From: Mel Gorman on
On Mon, Sep 21, 2009 at 12:46:34PM +0200, Bartlomiej Zolnierkiewicz wrote:
> > > > > <SNIP>
> > > > >
> > > > > This time it is an order-6 page allocation failure for rt2870sta
> > > > > (w/ upcoming driver changes) and Linus' tree from few days ago..
> > > > >
> > > >
> > > > It's another high-order atomic allocation which is difficult to grant.
> > > > I didn't look closely, but is this the same type of thing - large allocation
> > > > failure during firmware loading? If so, is this during resume or is the
> > > > device being reloaded for some other reason?
> > >
> > > Just modprobing the driver on a system running for some time.
> > >
> >
> > Was this a common situation before?
>
> Yes, just like firmware restarts with ipw2200.
>
> > > > I suspect that there are going to be a few of these bugs cropping up
> > > > every so often where network devices are assuming large atomic
> > > > allocations will succeed because the "only time they happen" is during
> > > > boot but these days are happening at runtime for other reasons.
> > >
> > > I wouldn't go so far as calling a normal order-6 (256kB) allocation on
> > > 512MB machine with 1024MB swap a bug. Moreover such failures just never
> > > happened before 2.6.31-rc1.
> >
> > It's not that normal, it's an allocation that cannot sleep and cannot
> > reclaim. Why is something like firmware loading allocating memory like
>
> OK.
>
> > that? Is this use of GFP_ATOMIC relatively recent or has it always been
> > that way?
>
> It has always been like that.
>

Nuts, why is firmware loading depending on GFP_ATOMIC?

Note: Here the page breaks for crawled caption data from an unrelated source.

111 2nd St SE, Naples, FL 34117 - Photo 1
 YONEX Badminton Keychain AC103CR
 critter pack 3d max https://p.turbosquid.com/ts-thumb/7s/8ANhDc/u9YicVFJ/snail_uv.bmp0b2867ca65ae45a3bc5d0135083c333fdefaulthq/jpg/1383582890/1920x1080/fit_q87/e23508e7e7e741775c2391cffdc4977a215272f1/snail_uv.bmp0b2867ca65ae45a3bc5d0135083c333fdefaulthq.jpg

> > > I don't know why people don't see it but for me it has a memory management
> > > regression and reliability issue written all over it.
> > >
> >
> > Possibly but drivers that reload their firmware as a response to an
> > error condition is relatively new and loading network drivers while the
> > system is already up and running a long time does not strike me as
> > typical system behaviour.
>
> Loading drivers after boot is a typical desktop/laptop behavior, please
> think about hotplug (the hardware in question is an USB dongle).
>

In that case, how reproducible is this problem so it can be
bisected? Basically, there are no guarantees that GFP_ATOMIC allocations
of this order will succeed although you can improve the odds by increasing
min_free_kbytes. Network drivers should never have been depending on GFP_ATOMIC
succeeding like this but the hole has been dug now.

If it's happening more frequently now than it used to then either

1. The allocations are occuring more frequently where as previously a
pool might have been reused or the memory not freed for the lifetime of
the system.

2. Something has changed in the allocator. I'm not aware of recent
changes that could cause this though in such a recent time-frame.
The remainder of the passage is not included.